I first read Shakespeare’s The Rape of Lucrece many years ago when I was a teenager, and passed over it pretty quickly because at that time I was more interested in the plays, but I returned to it a few years ago when I worked as language/text coach on The Norwegian Opera’s production of Benjamin Britten’s The Rape of Lucretia. The libretto for that was written by Ronald Duncan, based on a French play by André Obey. The story though is essentially the same in all these versions, and stems from the classical tale as told by Ovid in Fasti and Livy in his History of Rome. The opera fleshed out the narrative somewhat, introducing characters who are only mentioned in Shakespeare’s version, and staged much more of the pretext to the unfortunate act of transgression. Shakespeare does away with most of this background in a prose ”Argument” printed before the start of the poem, thus diving straight into the central action of the piece: The rape of Lucrece.
Thus, the poem concerns almost entirely the two main characters –the unfortunate Lucrece, and her husband’s supposed friend Sextus Tarquinius who forces himself upon her. The first part of the long poem belongs to him, the second to Lucrece. It’s at times a hard, disturbing read, and as a poem it is both a serious counter-poem to the frothier, mythological Venus and Adonis that precedes it, and a harbinger of some of the tragedies to come. Like Venus and Adonis it is essentially a drama, with lots of action and talking and atmosphere, but its power lies in Shakespeare’s brilliant, succinct language. It’s more direct, less playful than in the former poem, yet brimming with astounding pictures and a true command of the sounds of particular words. It is here I really start to sense the skillful way Shakespeare uses vowel sounds to convey various emotions –which he puts to use so brilliantly in many of the plays that follow. And I feel Shakespeare has worked hard on this piece –By that I don’t mean that it seems laboured, but more considered and weighty than the delightful musicality of Venus and Adonis. Like all of Shakespeare it is best served when read aloud, and each 7-line verse is a miniature drama of its own. (Venus and Adonis had verses of 6 lines, so the rhythm here is quite different, though both poems, like the sonnets, pack their punch into the final couplet of each verse.
When working on the opera there was relatively little I could use from Shakespeare to illuminate the Ronald Duncan text or Britten’s music, but it was intriguing to see how such different creative forces tackled essentially the same story.

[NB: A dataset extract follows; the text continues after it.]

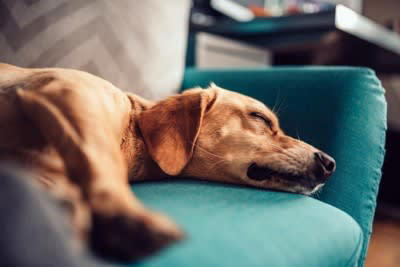 犬が寝ているときにしてはいけない「絶対NG行為」5選, 1.無理やり起こして触る・抱っこする, 2.大きな音を立てる（掃除機やテレビの音など）, 3.フラッシュをたいて写真を撮る, 4.至近距離でじっと見つめ続ける, 5.寝ている場所を勝手に移動させる, なぜ寝ているときに邪魔をしてはいけないの？, 熟睡をサポートするために飼い主ができること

Duncan’s text clarified much that was difficult or obscure in Shakespeare (who is guilty of some digression here and there it must be said), and Britten’s haunting music captured what Shakespeare managed with mere music of words and poetry.
This work, like Venus and Adonis before it, was enormously popular in Shakespeare’s own time and saw many re-printings in his lifetime. Nowadays, hardly anyone bothers to read it (do they read long poems at all?), and admittedly it is not at all a ”feel-good” read. But it is gripping, disturbing, sad, tragic and moving. And you are encountering a master poet and dramatist in one.
Favourite Line:
Brand not my forehead with thy piercing light,
For day hath naught to do what’s done by night.